Fine, you have my attention. What’s good about it?
Tomasi writes a very good crime scene. This scene unfurls new details thanks to Batman’s detective skills, weaves in the emotions he’s facing while witnessing his parents’ death all over again, and builds up the mystery very well. I ask anyone to read these first few pages and not be totally captured by the mystery at hand. He then has the gall to thrust us into an action sequence that’s exciting and pulse pounding. This issue has it all and will get you very interested in what comes next.
The book is paced very well too. Just when you think you’ve got a grasp of things it switches everything. There are three big turns in the story with the third being a very surprising cliffhanger. I was on the edge of my seat every step of the way. The issue also captures Batman’s hyper focus by showing how he’s willing to help anyone in need even after seeing two people made to look like his dead parents.
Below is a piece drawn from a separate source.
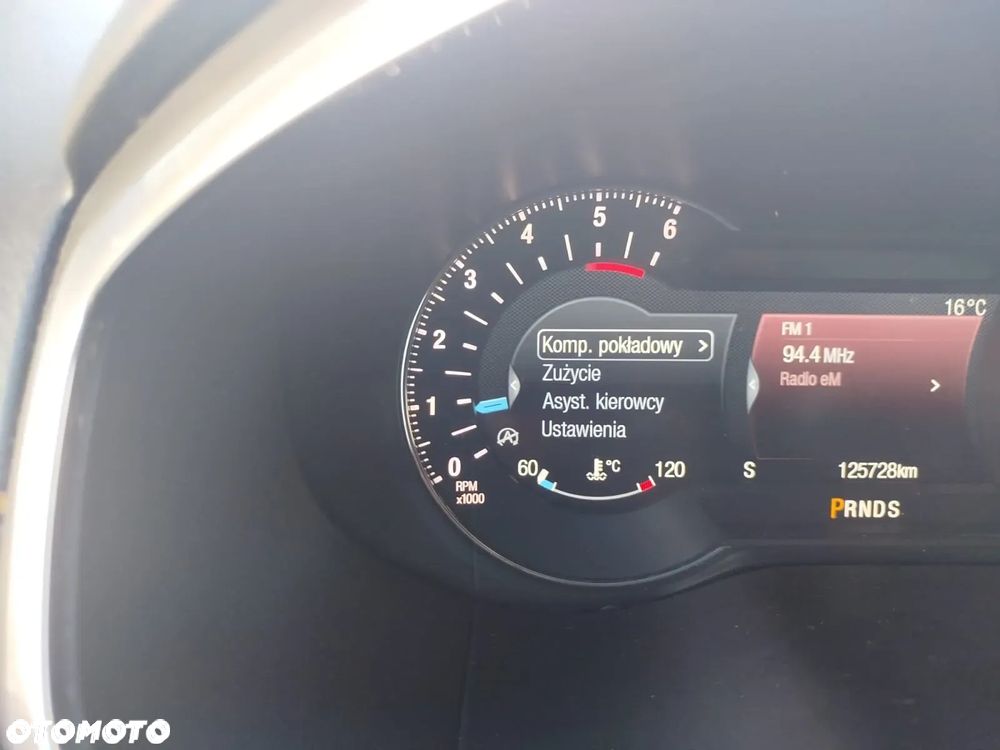 Ford Edge 2.0 TDCi Bi-Turbo 4x4 Titanium - 28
The art by Doug Mahnke is quite good too. His style is detailed and very in tune with the camera angles. The crime scene early on is very good in part because Mahnke chooses many different angles to get us right there with Batman and Comissioner Gordon. You’ll feel like a fly on the wall. Later, when the action kicks in, the art opens up giving us an understanding of where predators and prey are but not forgetting about well timed closeups so we’re right there with the characters.
It can’t be perfect, can it?
It’s damn near close! The only thing that threw me off is how Batman knew where a victim is via phone. She tells him where she’s going, but at one point he somehow knows what way she’s pointing so as to give her directions. Can he see through the phone or something?
Is it good?
An excellent first issue in the “Mythology Raze” storyline. You’ll be on the edge of your seat begging for more.